*Your assignment*
From the first line to the last, restate every record word for word, leaving out the pictures.

══ Records for the task

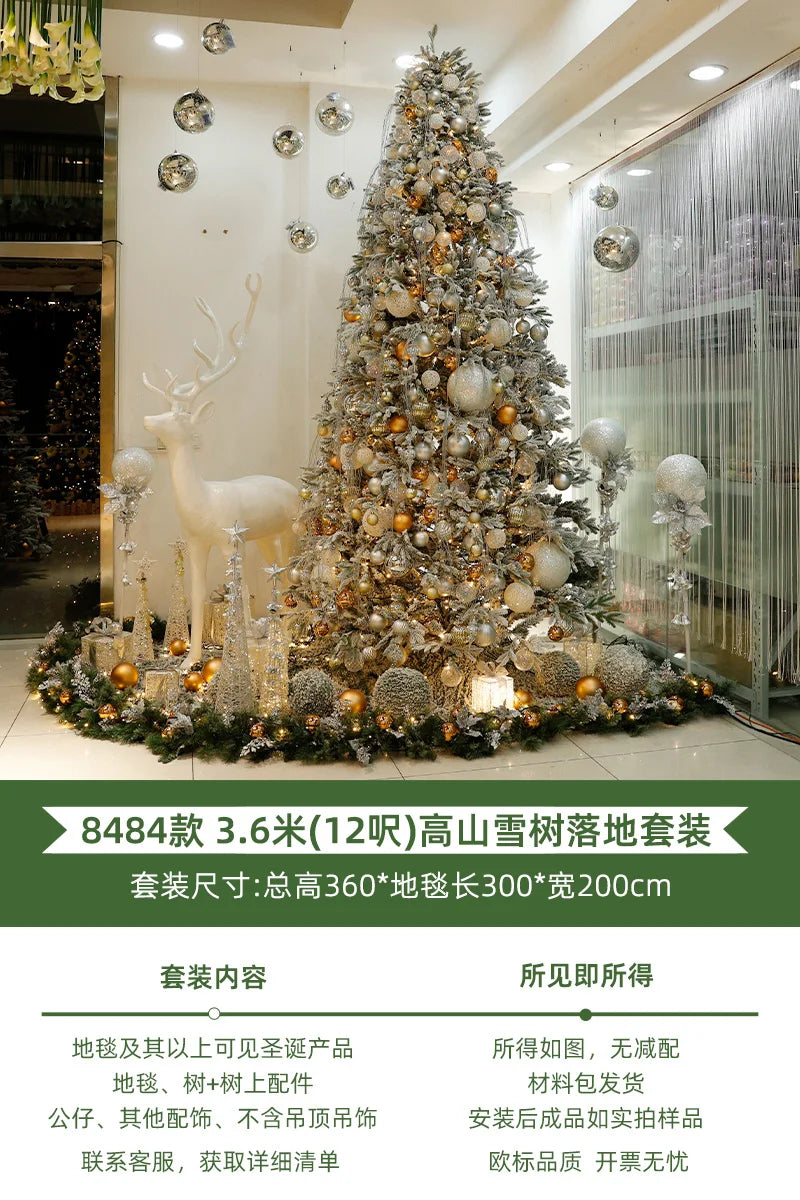 MJY Christmas tree Falling snow Flocking Christmas snowflake tree 2.4 meters 4.5 meters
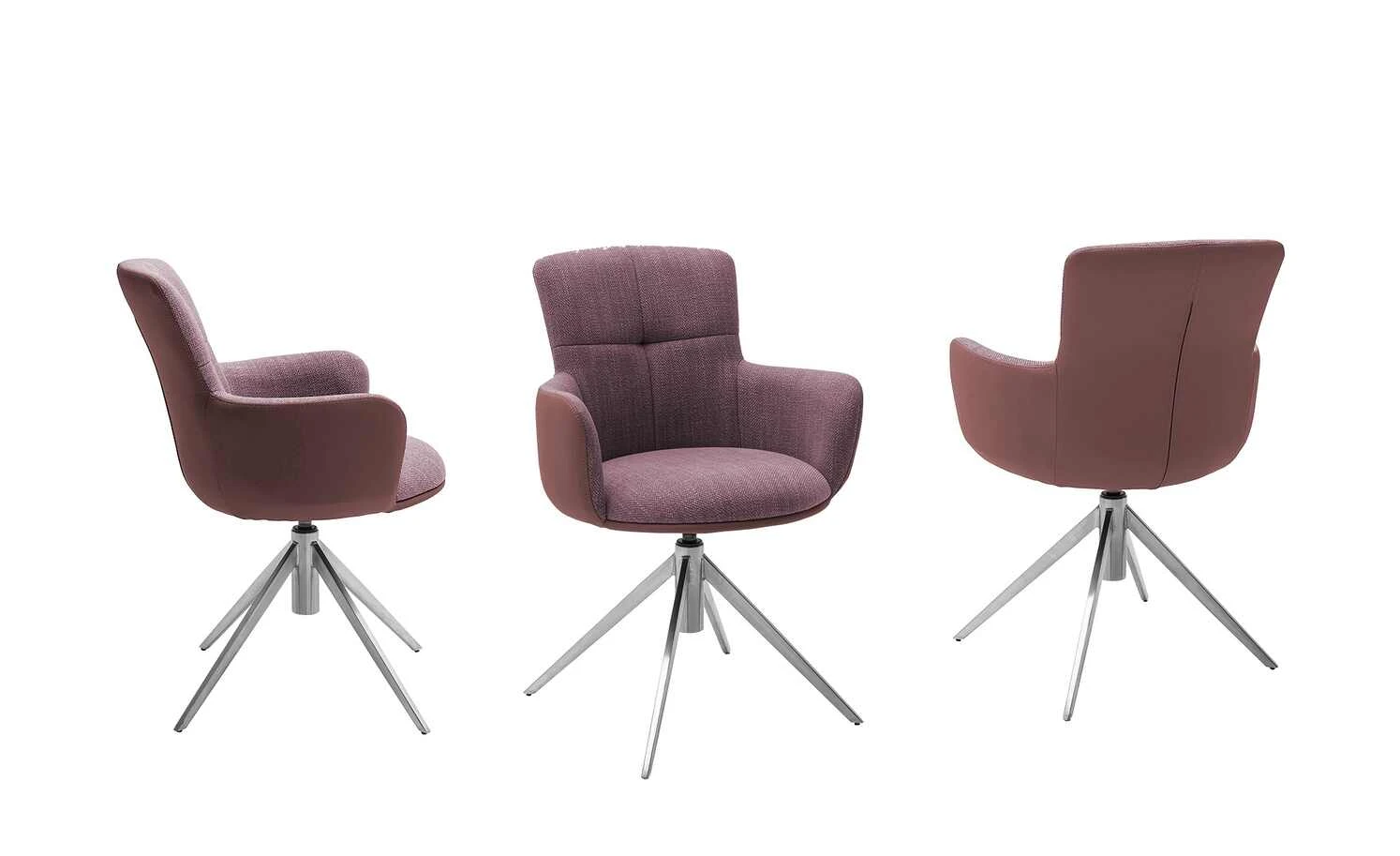 Polsterstuhl drehbar Curo | Merlot (Weinrot) Edelstahl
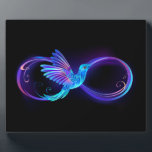 Neon Infinity Symbol with Glowing Hummingbird Plaque<br><div class="desc">Glowing,  purple infinity symbol with flying,  luminous,  blue hummingbird on black background. Neon.</div>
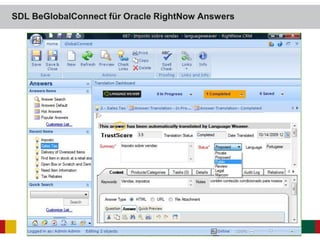 SDL BeGlobalConnect für Oracle RightNow Answers
 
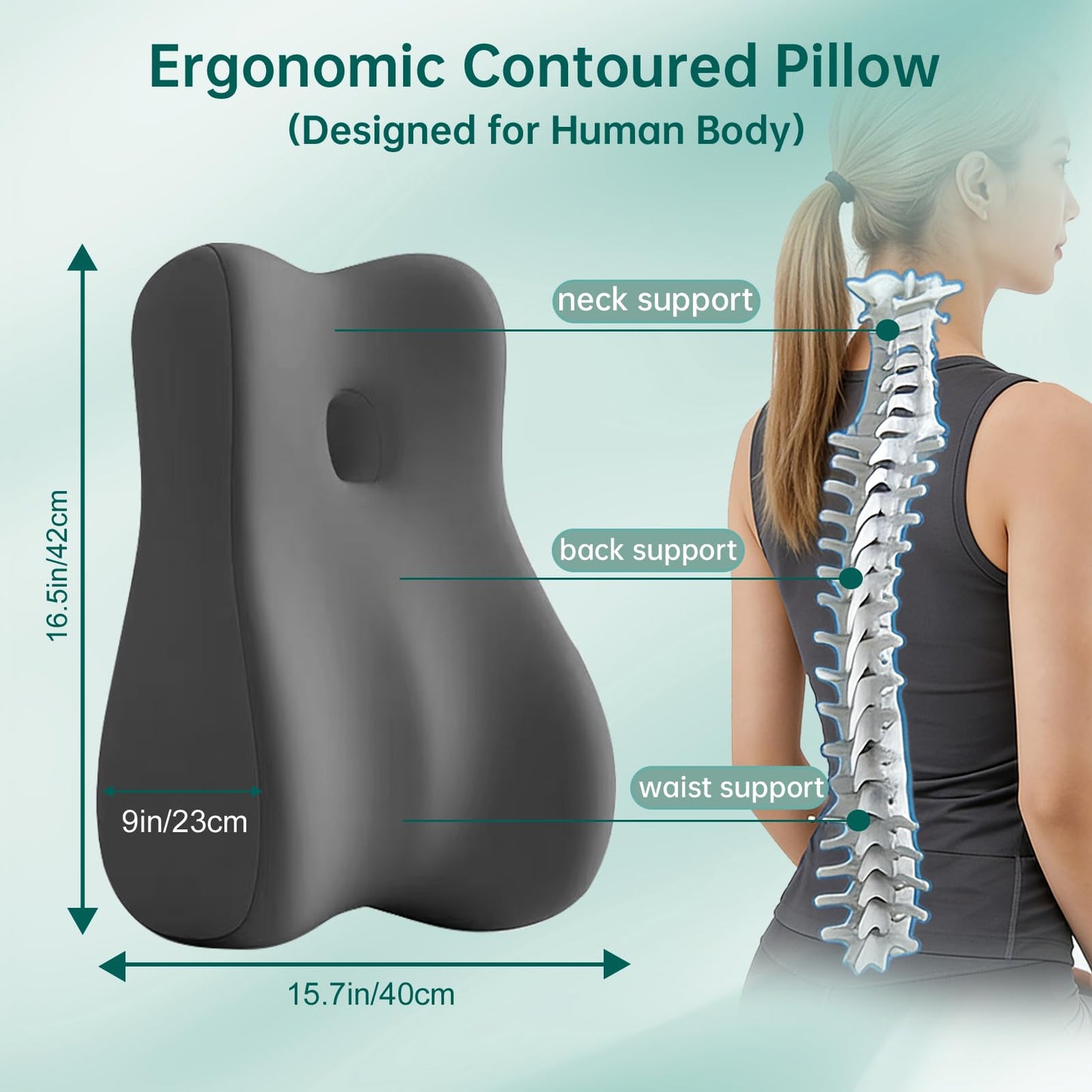 KUYOVORA Memory Foam Wedge Pillow Intimacy Couples Pillow, Pregnant Ergonomic Contoured Position Pillow for Sleeping & Reading, Multi-Functional Bed Pillow Back Support Cushion All Grey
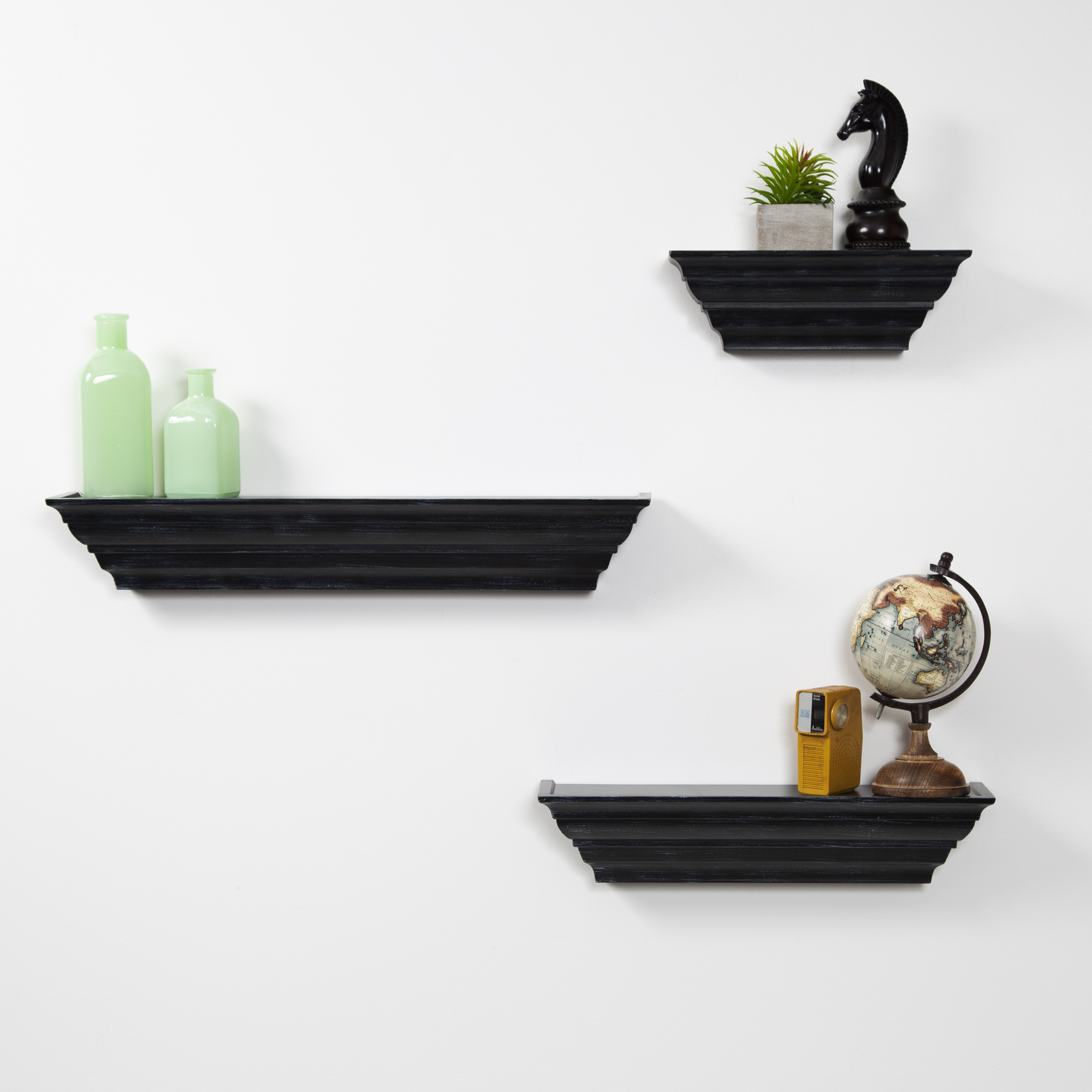 Gallery Solutions Traditional Distressed Black 3 Piece Floating Ledge Shelf Set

════

*Solved problem*
 MJY Christmas tree Falling snow Flocking Christmas snowflake tree 2.4 meters 4.5 meters
 Polsterstuhl drehbar Curo | Merlot (Weinrot) Edelstahl
 Neon Infinity Symbol with Glowing Hummingbird Plaque<br><div class="desc">Glowing,  purple infinity symbol with flying,  luminous,  blue hummingbird on black background. Neon.</div>
 SDL BeGlobalConnect für Oracle RightNow Answers
 
 KUYOVORA Memory Foam Wedge Pillow Intimacy Couples Pillow, Pregnant Ergonomic Contoured Position Pillow for Sleeping & Reading, Multi-Functional Bed Pillow Back Support Cushion All Grey
 Gallery Solutions Traditional Distressed Black 3 Piece Floating Ledge Shelf Set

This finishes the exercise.